Por si el mundo no estuviera ya sobrado de graves conflictos, se extiende el riesgo de una nueva confrontación entre India y Pakistán, dos potencias nucleares, además de la amenaza de un aumento de las tensiones entre musulmanes e hindúes en India, con patrones que vuelven a repetirse en una disputa estructural que no tiene solución. Cada vez que Pakistán atraviesa momentos de inestabilidad y los militares creen perder apoyo popular, resurge la estrategia asimétrica contra el Estado vecino en forma de terrorismo transfronterizo. Islamabad ha negado naturalmente toda relación con los hechos aunque, sólo unos días antes, el general Asim Munir, jefe del ejército, reiteró la permanencia de la lucha contra la ocupación india de Cachemira, espacio que describió como “la vena yugular” de Pakistán.
Las características del ataque y el número de víctimas incrementan asimismo la presión interna sobre el primer ministro indio, tanto desde el Parlamento (donde la oposición critica los fallos del aparato de seguridad) como desde la opinión pública. De manera inmediata, Narendra Modi decidió suspender el tratado que permite compartir el agua del río Indo—sin la que difícilmente puede sobrevivir la agricultura paquistaní—, cerrar la frontera, y expulsar a diplomáticos paquistaníes. No puede descartarse una respuesta militar que, de producirse, será por supuesto objeto de represalias por parte de Islamabad. El conflicto entra así en una nueva y peligrosa fase dadas sus ramificaciones.

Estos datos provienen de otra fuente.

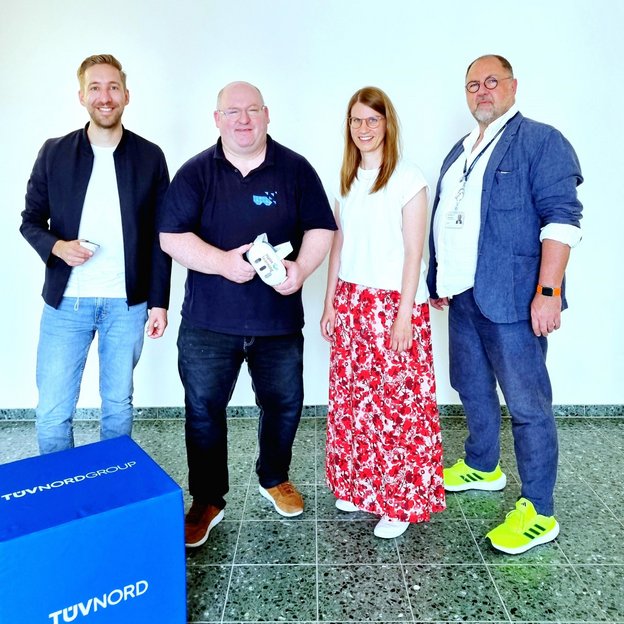 Vier Personen stehen vor einer weißen Wand und lächeln in die Kamera. Sie tragen unterschiedliche Outfits, von leger bis geschäftlich. Der Mann in der Mitte hält ein technisches Gerät in den Händen. Links im Bild steht eine blaue TÜV NORD GROUP-Box. Der Mann ganz rechts trägt ein Namensschild und auffällige neonfarbene Sneakers. Die Szene wirkt entspannt und freundlich.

Además de volver a situar a Cachemira en el punto de mira internacional (evitarlo ha sido un objetivo prioritario de Modi desde que India presume de su estatus global), el atentado también puede interpretarse como un fracaso de la política de Modi hacia la provincia, cuya autonomía abolió en agosto de 2019 para gestionarla directamente desde el gobierno central. Todo hace pensar que los terroristas también quisieron neutralizar la visita a Delhi del vicepresidente norteamericano, J. D. Vance (acompañado por su mujer, de origen indio), el día anterior al ataque. Su viaje formaba parte de los esfuerzos de la Casa Blanca dirigidos a reforzar las relaciones estratégicas y económicas con una nación que, como Estados Unidos, considera China como su principal adversario. Modi fue uno de los primeros líderes extranjeros en reunirse con Trump tras su segunda toma de posesión y, en su visita a Washington en febrero, se comprometió a liberalizar su comercio con Estados Unidos.

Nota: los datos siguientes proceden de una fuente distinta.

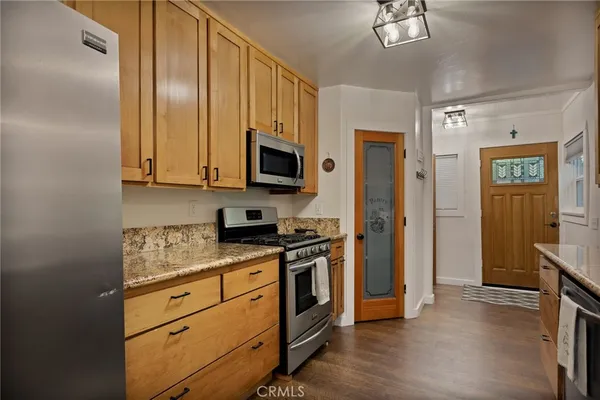 a kitchen with stainless steel appliances granite countertop a stove a refrigerator and a microwave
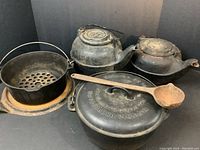 Full set of cast iron cookware items arranged together including Dutch ovens, kettles, trivet, and ladle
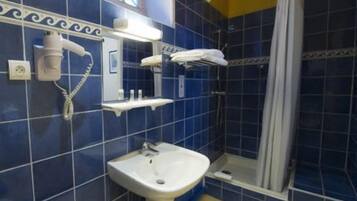 Un baño con lavamanos blanco, ducha con cortina y un perchero para toallas.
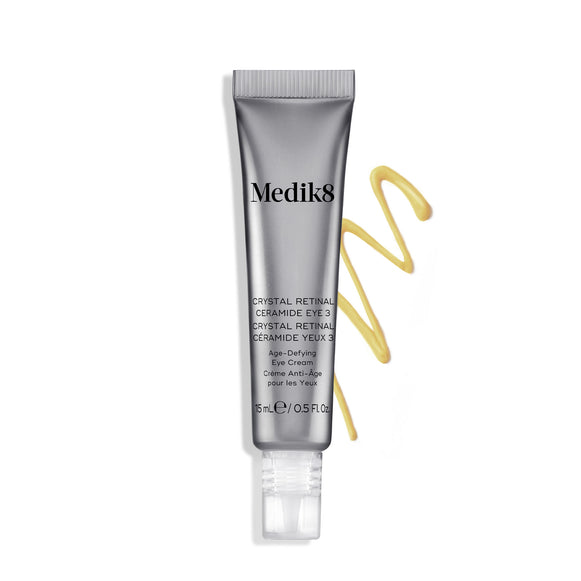 Bisnaga do creme Medik8 Crystal Retinal Ceramide Eye 3 ao lado de uma amostra em ziguezague de creme amarelo, sobre um fundo branco.-6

Se desconoce cómo responderá Trump a la nueva escalada en Asia meridional. La situación económica y política en que se encuentra Pakistán se ha agravado notablemente desde su primer mandato, y poco parece aportar hoy este país a los intereses norteamericanos. El acercamiento a India no asegura, sin embargo, su disposición a intervenir para frenar la hostilidad entre los dos Estados. Por el contrario, como indicó en su vuelo camino de Roma para asistir al funeral del papa Francisco, ambos han estado luchando por Cachemira “durante mil años” y las tensiones en la frontera se han acumulado “durante 1.500 años”. La imprecisión histórica del presidente de Estados Unidos no le preocupa a Delhi; le tranquiliza al menos que coincida con su posición, siempre contraria a la mediación de terceros.